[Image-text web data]
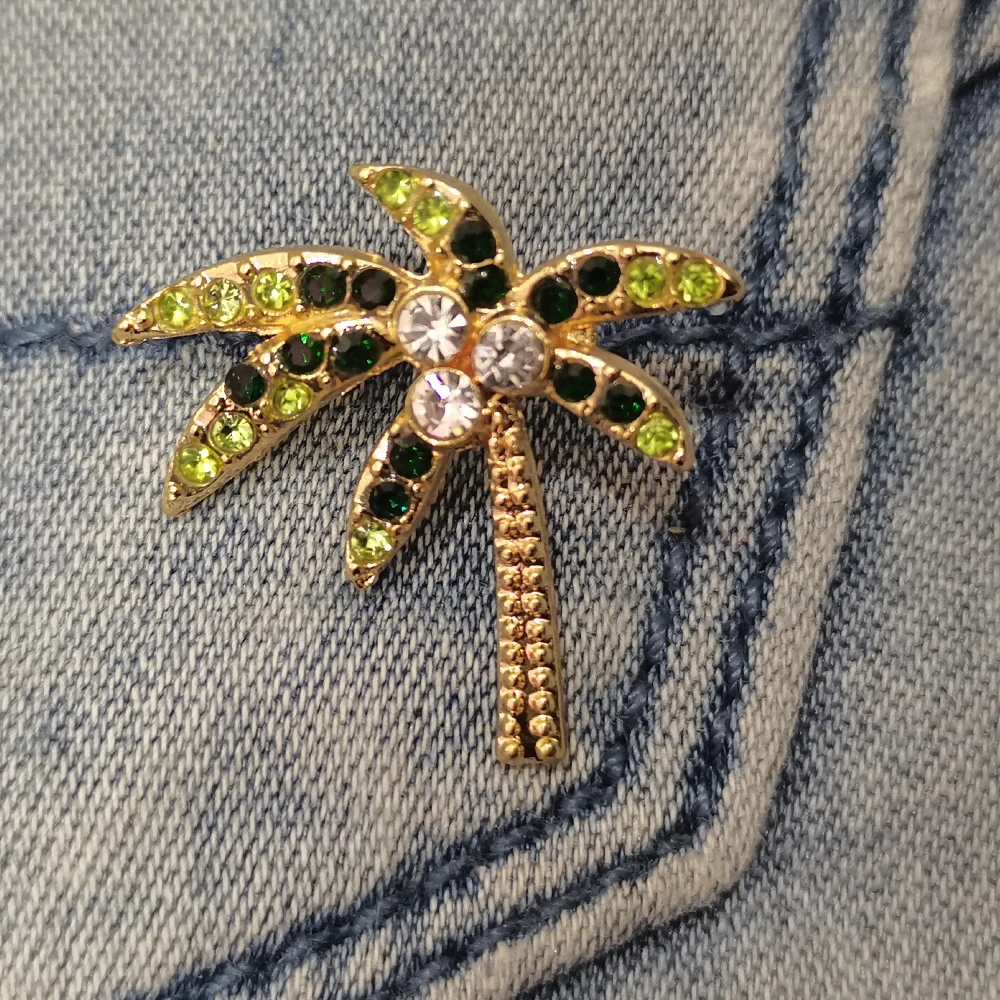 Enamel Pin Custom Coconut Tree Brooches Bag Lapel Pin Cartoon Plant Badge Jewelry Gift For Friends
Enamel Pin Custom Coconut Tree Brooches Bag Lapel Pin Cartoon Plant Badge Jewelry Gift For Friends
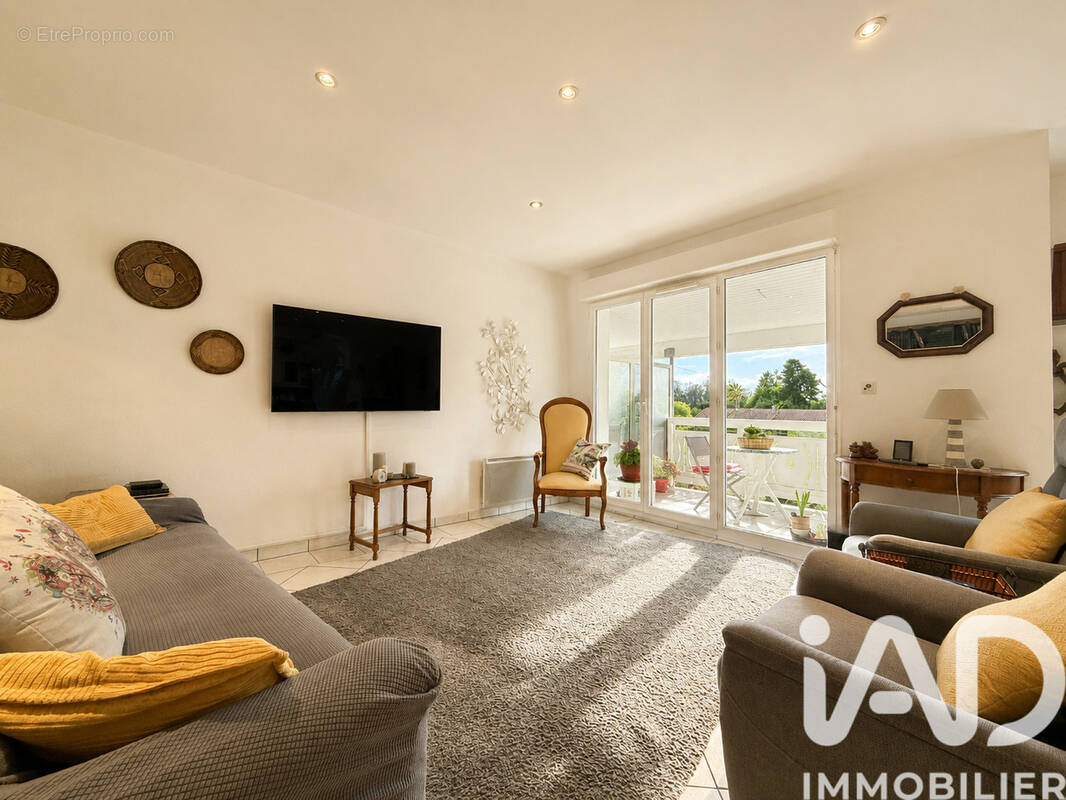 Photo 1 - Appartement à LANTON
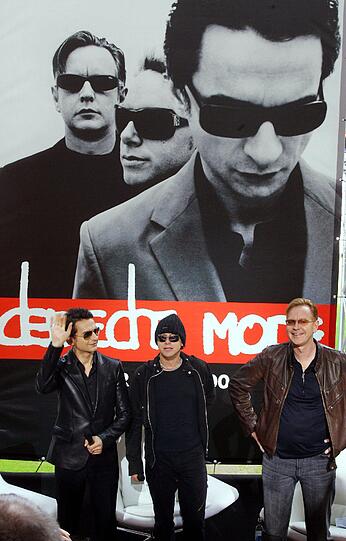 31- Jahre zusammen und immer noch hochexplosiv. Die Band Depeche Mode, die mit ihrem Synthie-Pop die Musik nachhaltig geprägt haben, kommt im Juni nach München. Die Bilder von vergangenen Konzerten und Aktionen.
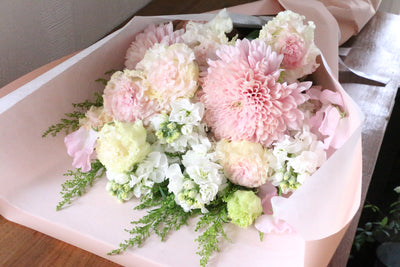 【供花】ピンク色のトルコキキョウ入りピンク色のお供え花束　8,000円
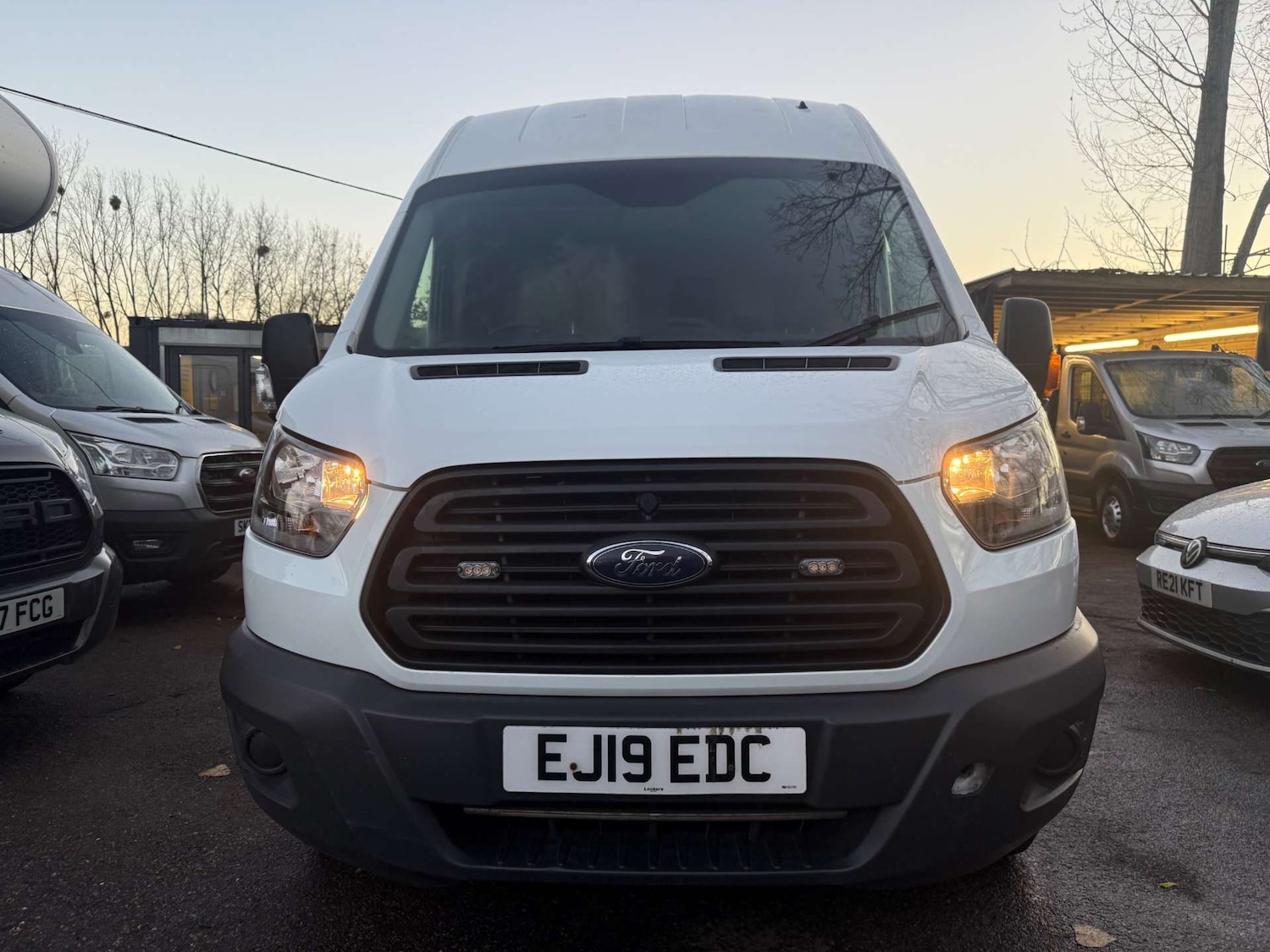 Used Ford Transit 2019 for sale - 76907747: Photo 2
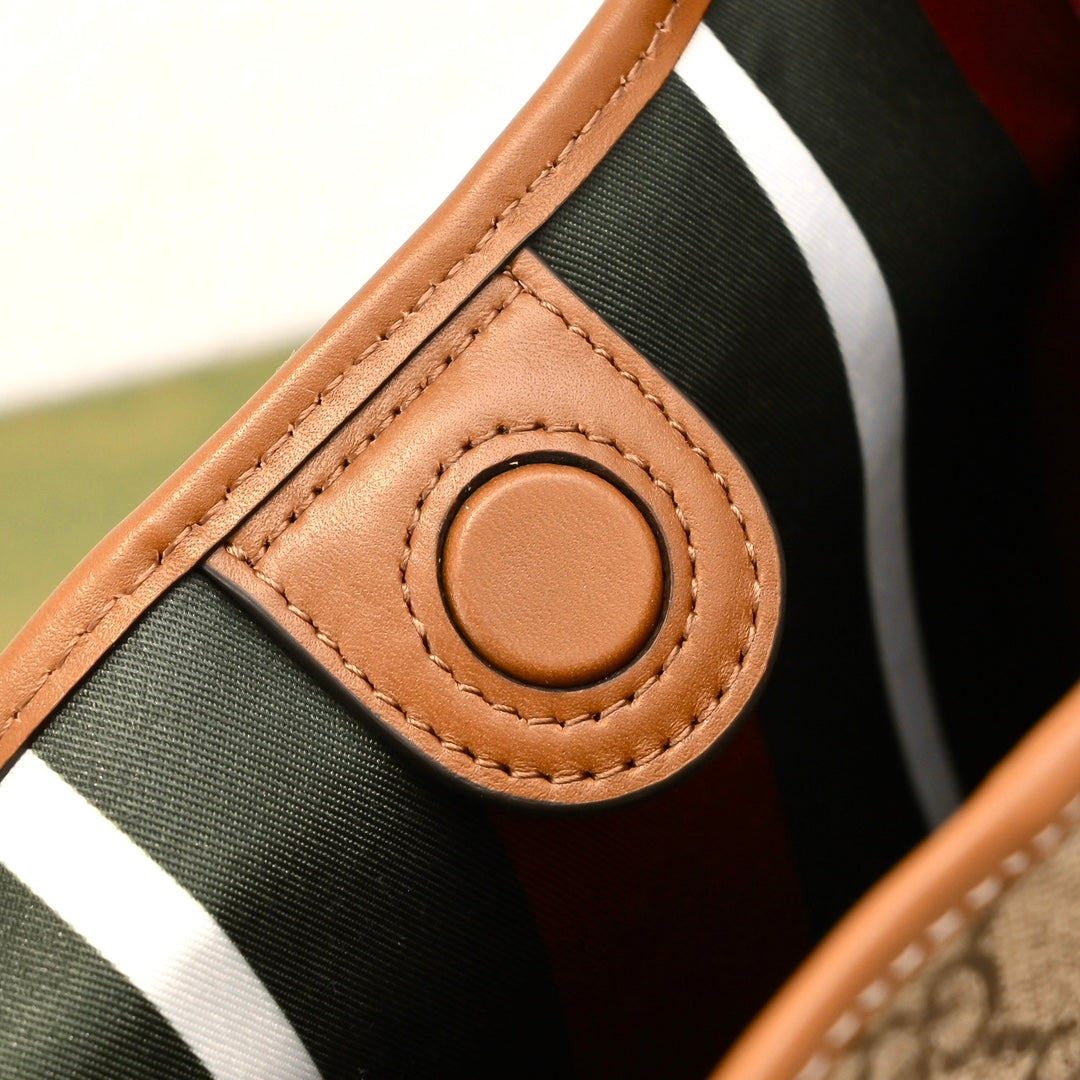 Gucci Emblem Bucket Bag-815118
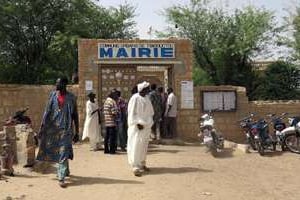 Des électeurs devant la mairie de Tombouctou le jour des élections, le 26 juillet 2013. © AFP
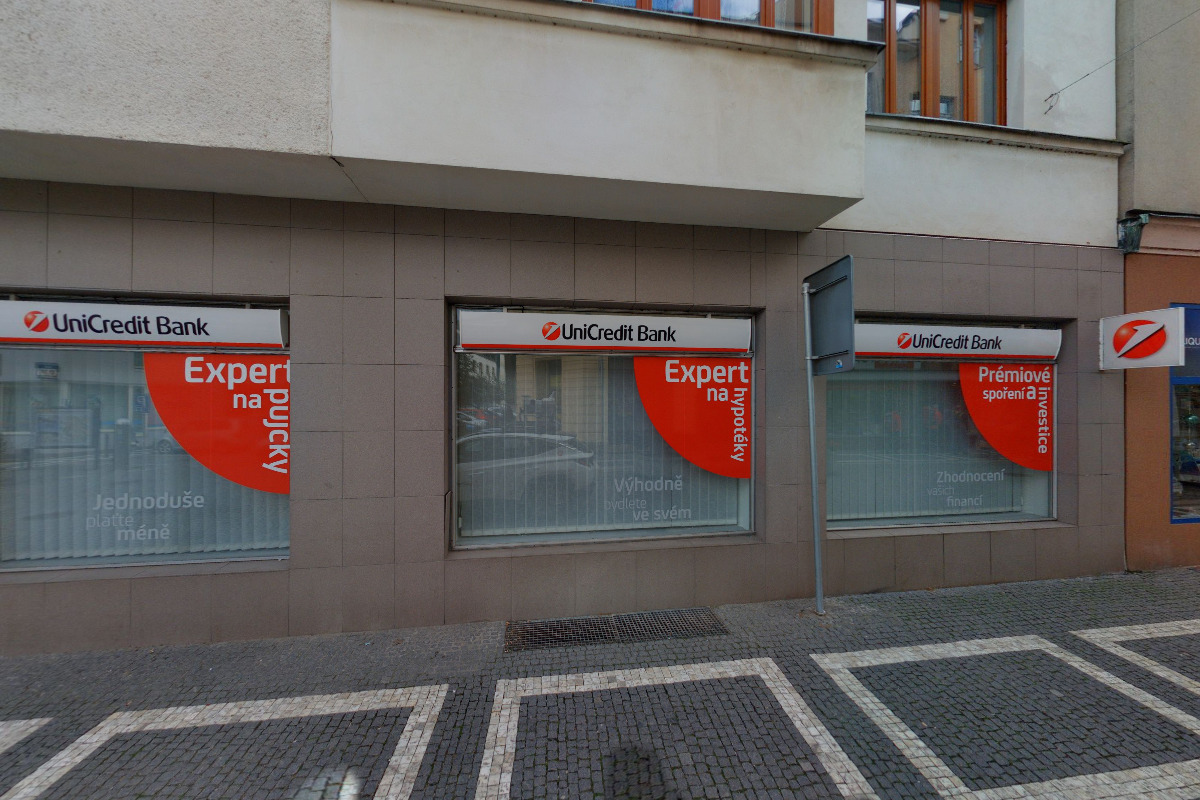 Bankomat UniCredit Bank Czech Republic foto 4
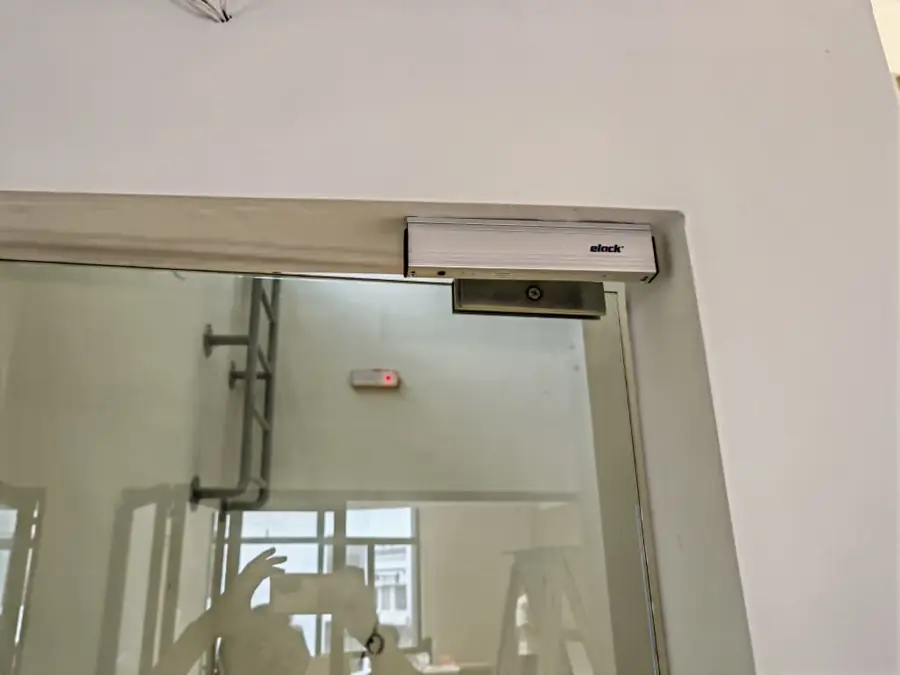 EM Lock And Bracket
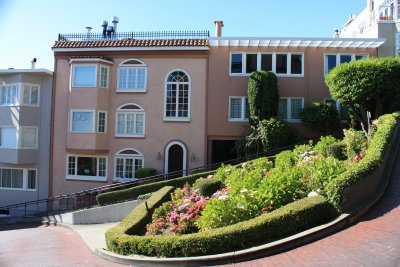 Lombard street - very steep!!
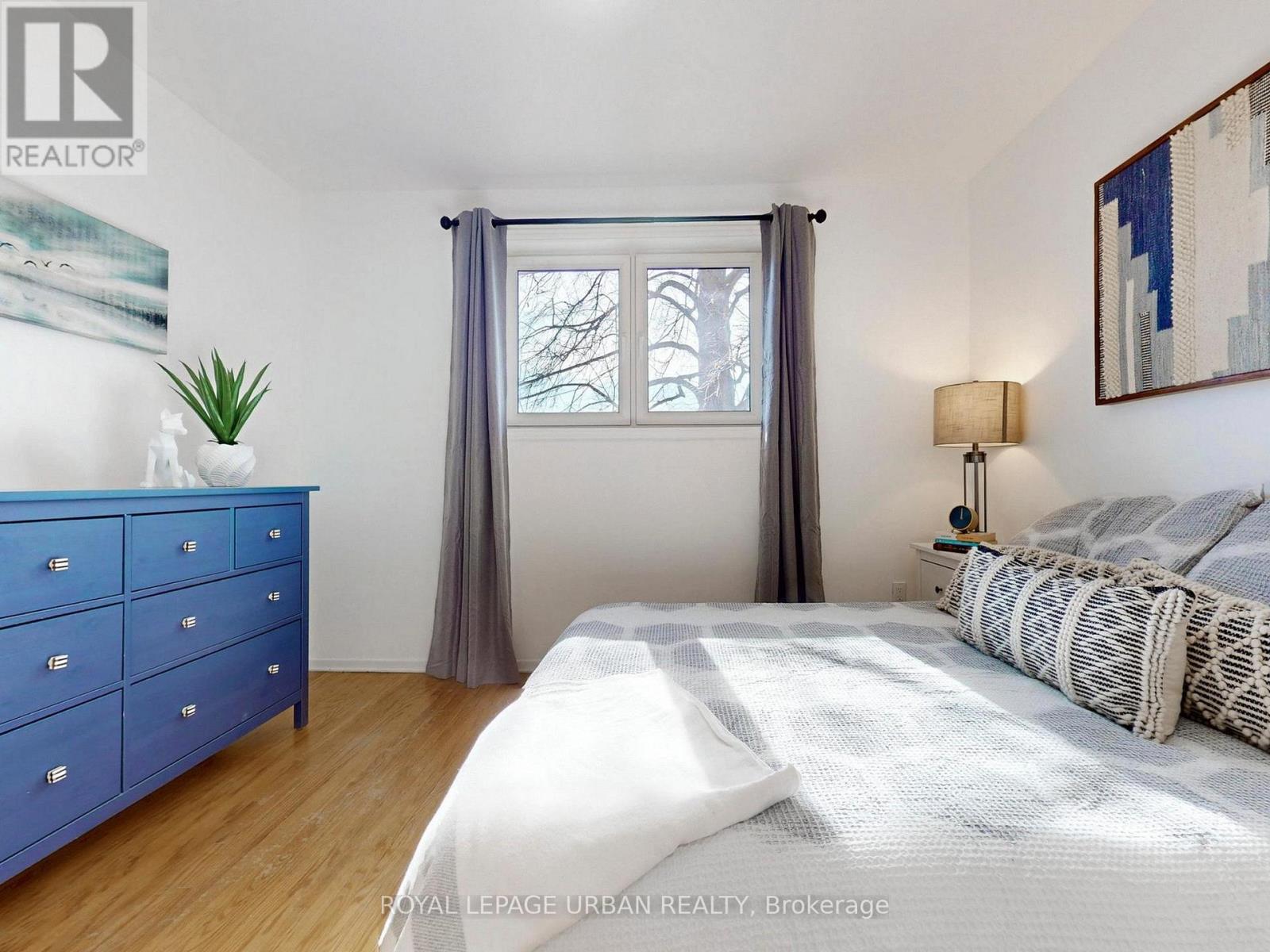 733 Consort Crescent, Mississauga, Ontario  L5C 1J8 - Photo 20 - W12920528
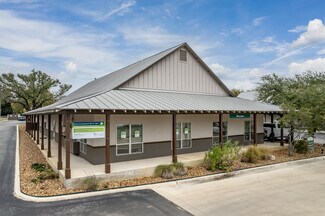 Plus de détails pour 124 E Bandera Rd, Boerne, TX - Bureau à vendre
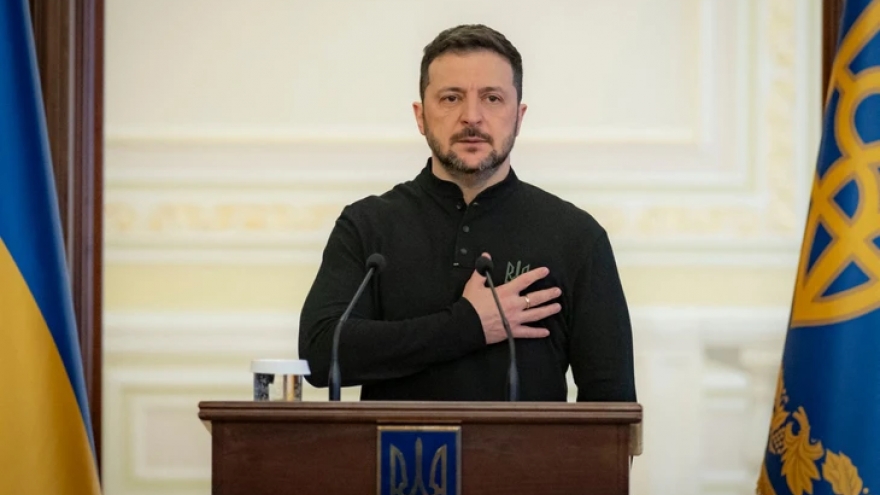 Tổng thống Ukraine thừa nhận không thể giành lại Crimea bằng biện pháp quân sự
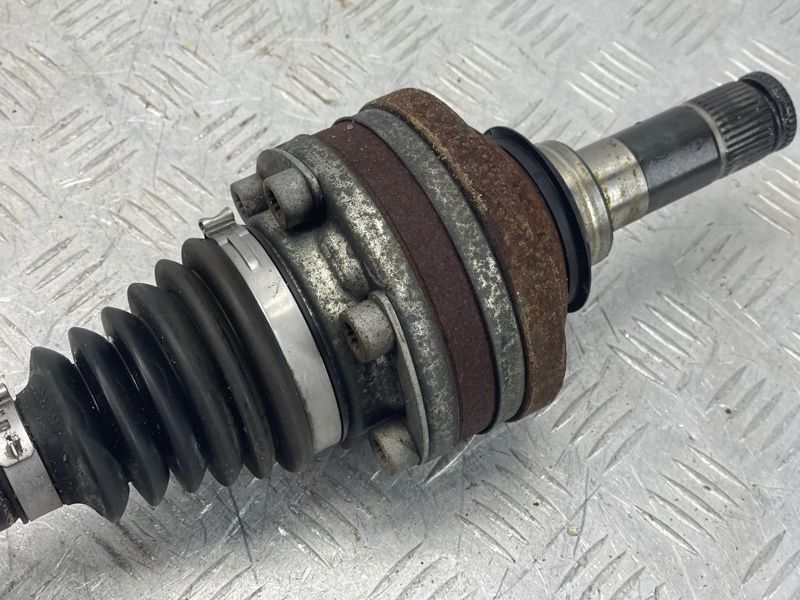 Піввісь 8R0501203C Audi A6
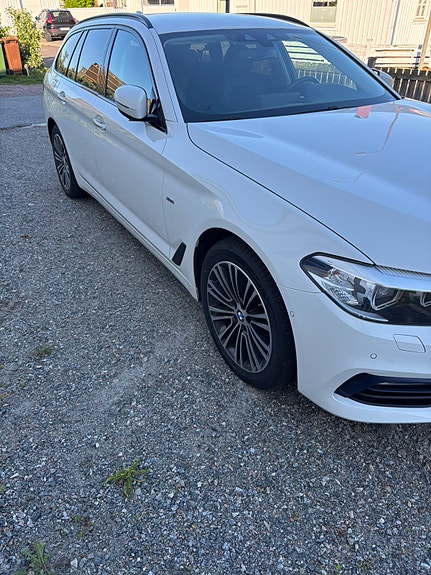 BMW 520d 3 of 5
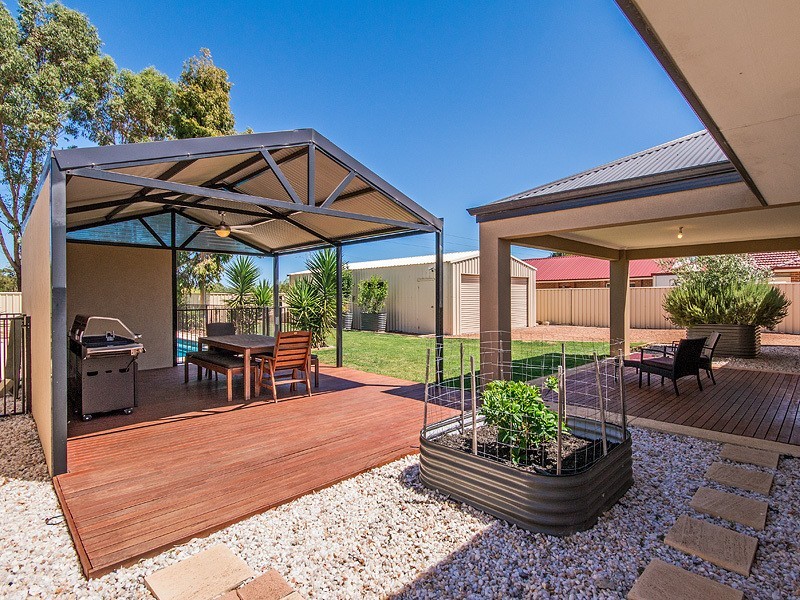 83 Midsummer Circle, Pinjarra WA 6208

__Activity__
Your reply should restate every entry exactly, with the pictures left out.

__Answer to this problem__
 Enamel Pin Custom Coconut Tree Brooches Bag Lapel Pin Cartoon Plant Badge Jewelry Gift For Friends
Enamel Pin Custom Coconut Tree Brooches Bag Lapel Pin Cartoon Plant Badge Jewelry Gift For Friends
 Photo 1 - Appartement à LANTON
 31- Jahre zusammen und immer noch hochexplosiv. Die Band Depeche Mode, die mit ihrem Synthie-Pop die Musik nachhaltig geprägt haben, kommt im Juni nach München. Die Bilder von vergangenen Konzerten und Aktionen.
 【供花】ピンク色のトルコキキョウ入りピンク色のお供え花束　8,000円
 Used Ford Transit 2019 for sale - 76907747: Photo 2
 Gucci Emblem Bucket Bag-815118
 Des électeurs devant la mairie de Tombouctou le jour des élections, le 26 juillet 2013. © AFP
 Bankomat UniCredit Bank Czech Republic foto 4
 EM Lock And Bracket
 Lombard street - very steep!!
 733 Consort Crescent, Mississauga, Ontario  L5C 1J8 - Photo 20 - W12920528
 Plus de détails pour 124 E Bandera Rd, Boerne, TX - Bureau à vendre
 Tổng thống Ukraine thừa nhận không thể giành lại Crimea bằng biện pháp quân sự
 Піввісь 8R0501203C Audi A6
 BMW 520d 3 of 5
 83 Midsummer Circle, Pinjarra WA 6208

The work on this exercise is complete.